George Eliot’s The Lifted Veil was first published in Blackwood’s Edinburgh Magazine in 1859 and has now become one of the author’s most widely read and critically discussed stories. Told from the point of view of a young, egocentric, and morbid clairvoyant man, Latimer, it is a dark fantasy portrait of an artist whose visionary powers merely blight his life. The story reflected the scientific interest of the time in the physiology of the brain, mesmerism, phrenology, and experiments in revivification. It also is a reflection of the author’s moral philosophy.

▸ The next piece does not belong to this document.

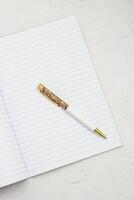 The pen lies in the notebook, the concept of study, time management. photo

The Lifted Veil is a significant part of the Victorian tradition of horror fiction, along with Mary Shelley’s Frankenstein, Robert Louis Stevenson’s The Strange Case of Dr. Jekyll and Mr. Hyde, and Bram Stoker’s Dracula.

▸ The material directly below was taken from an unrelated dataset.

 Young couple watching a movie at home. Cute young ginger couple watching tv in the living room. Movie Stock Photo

George Eliot, the pen name of Mary Ann, or Marian, Evans (1819–1880), was an English Victorian novelist of the first rank. An assistant editor for the Westminster Review from 1851 to 1854, she wrote her first fiction in 1857 and her first full-length novel, Adam Bede, in 1859. In her writing, she was chiefly preoccupied with moral problems, especially the moral development and psychological analysis of her characters. She is known for her sensitive and honest depiction of life and people in works that are acclaimed as classics.
Clive Chafer is a professional actor, director, producer, and theater instructor. Originally from England and educated at Leeds and Exeter universities, he has performed and directed at many theaters in the San Francisco area, where he makes his home, and elsewhere in the US. In 1993 he founded TheatreFIRST, Oakland’s professional theater company, where he served as artistic director until 2008.